The storm, which is being dubbed a “Frankenstorm” due to its mixture of winter weather and hurricane winds, is due to slam into the eastern seaboard of the United States, making landfall in New Jersey Monday evening and heading north towards Canada.
With widespread fears of power outages, fierce winter weather and possible storm surges on the horizon for much of the east coast, VA officials feel they are making reasonable accommodations to keep their employees safe.
“We have been tracking this storm since it first popped up on the radar,” said VA Secretary Eric Shinseki, who spoke from the VA’s $17bn Malibu Beach headquarters, wearing a cutoff shirt and board shorts. “And the moment we knew it would be hitting the northeast, like we always strive to do, we took aggressive actions to minimize the amount of work being done across the VA system.”

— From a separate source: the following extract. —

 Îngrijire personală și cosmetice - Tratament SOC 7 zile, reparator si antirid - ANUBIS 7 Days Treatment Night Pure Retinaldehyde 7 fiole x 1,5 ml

The storm is expected to last for a matter of days, but VA officials are stressing the importance of improvising, adapting, and using 21st century technology to counter the storm’s impact.
“This storm really will highlight our technology innovation at the VA,” said spokesman Dan Baker. “A great example of this is our recent acquisition of a large fleet of Chevy Volts at the discounted price of $80k each, which will be used to transport our sophisticated pencil and paper processing equipment out of the danger zone.”
“Every effort has been made by our employees to ensure that no phones will be answered and no claims will be processed,” said Shinseki. “We realize that a natural disaster like this does not have to lend itself to productivity, or what I would call an ‘office disaster’.”
The facilities closure is set to last for approximately 2 weeks, although Shinseki has said that the VA will do everything in its power to keep its doors closed to veterans for longer, if possible.
“If this storm suddenly makes a hard right and heads out into the Atlantic, then we’ll certainly have to reevaluate our response and possibly close all facilities in the U.S.,” said Shinseki, “Right now, we’ll just have to wait and see.”